Task description: The result should be an exact copy of every record, with no pictures kept.
##### Data provided
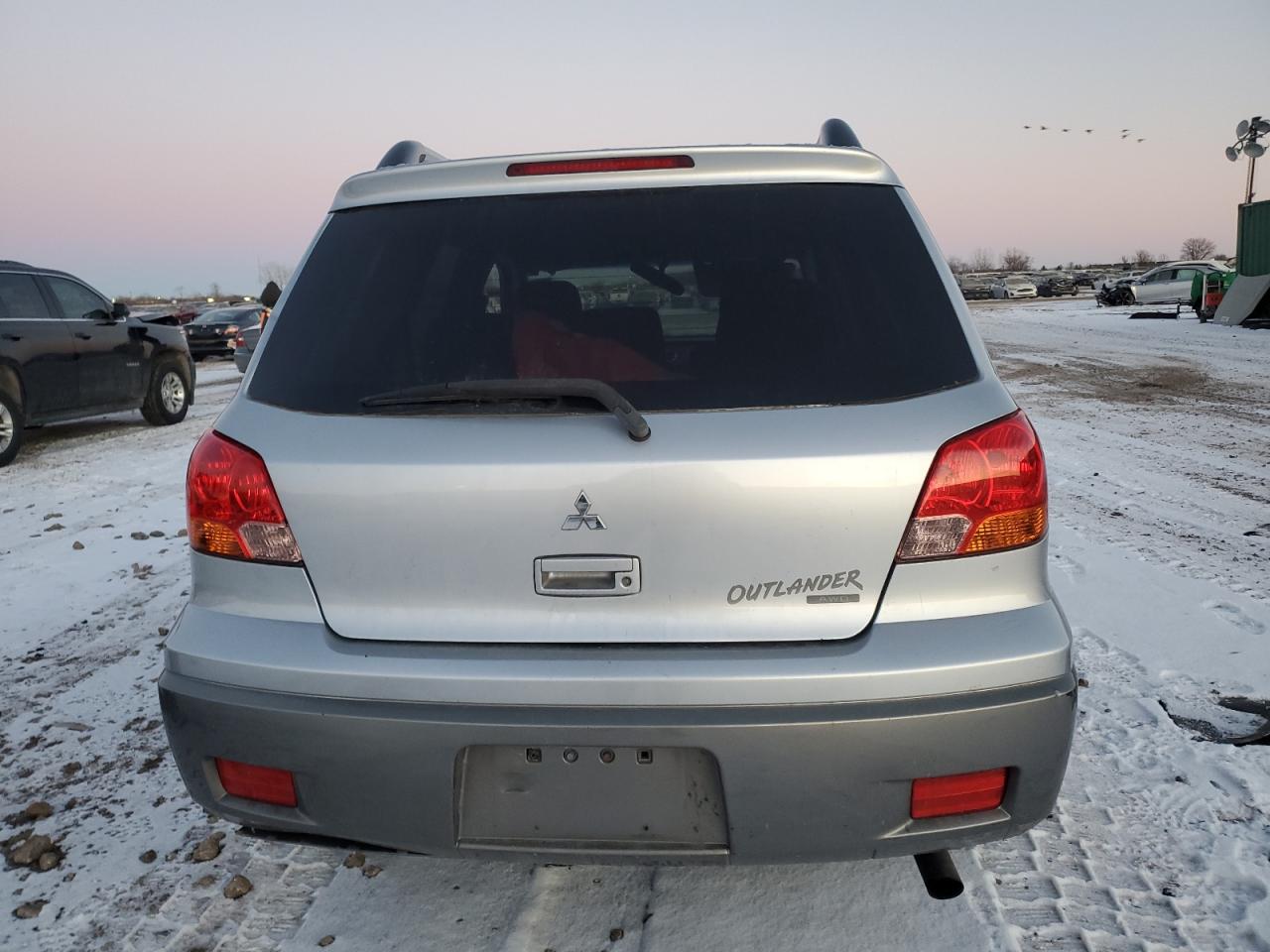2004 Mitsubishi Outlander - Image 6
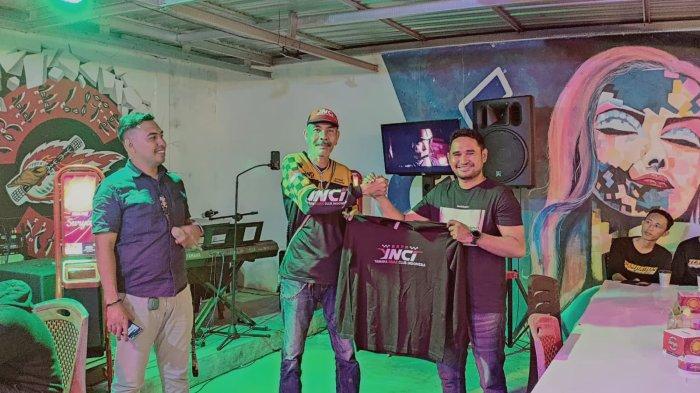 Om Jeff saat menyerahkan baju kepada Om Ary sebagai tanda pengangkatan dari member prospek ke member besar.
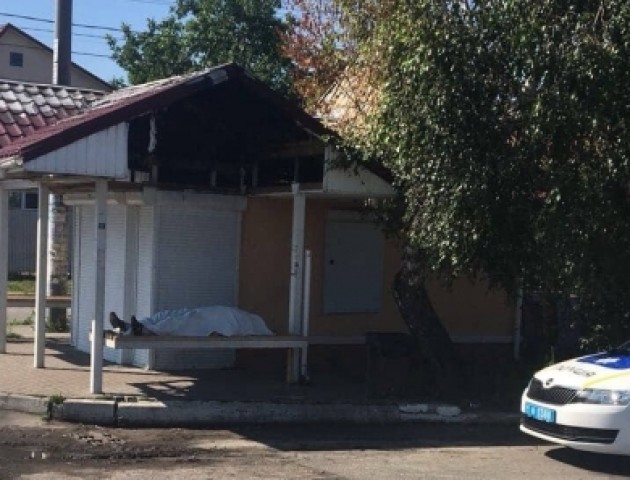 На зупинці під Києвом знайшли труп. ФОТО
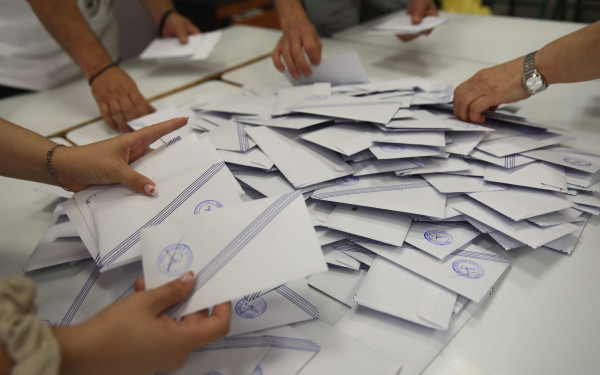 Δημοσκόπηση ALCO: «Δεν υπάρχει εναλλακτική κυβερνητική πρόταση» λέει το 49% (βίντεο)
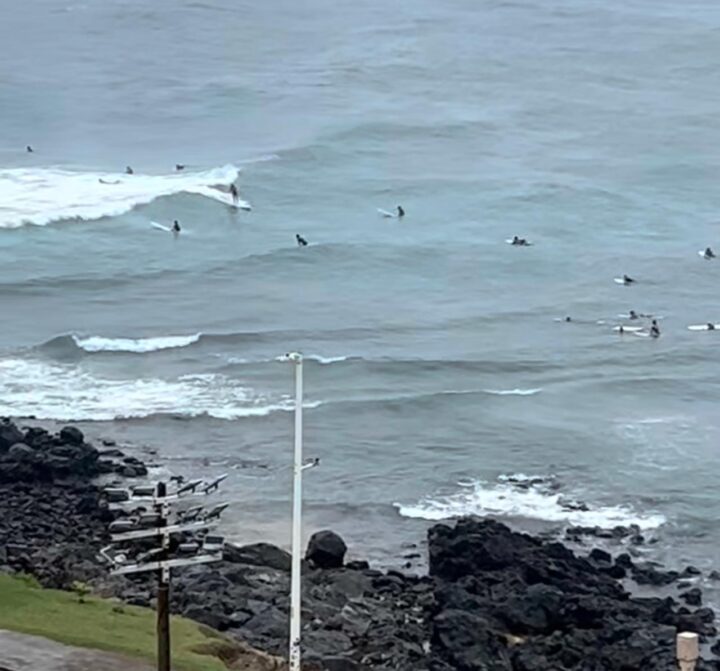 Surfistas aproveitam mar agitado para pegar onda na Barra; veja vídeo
##########
Reply:
2004 Mitsubishi Outlander - Image 6
 Om Jeff saat menyerahkan baju kepada Om Ary sebagai tanda pengangkatan dari member prospek ke member besar.
 На зупинці під Києвом знайшли труп. ФОТО
 Δημοσκόπηση ALCO: «Δεν υπάρχει εναλλακτική κυβερνητική πρόταση» λέει το 49% (βίντεο)
 Surfistas aproveitam mar agitado para pegar onda na Barra; veja vídeo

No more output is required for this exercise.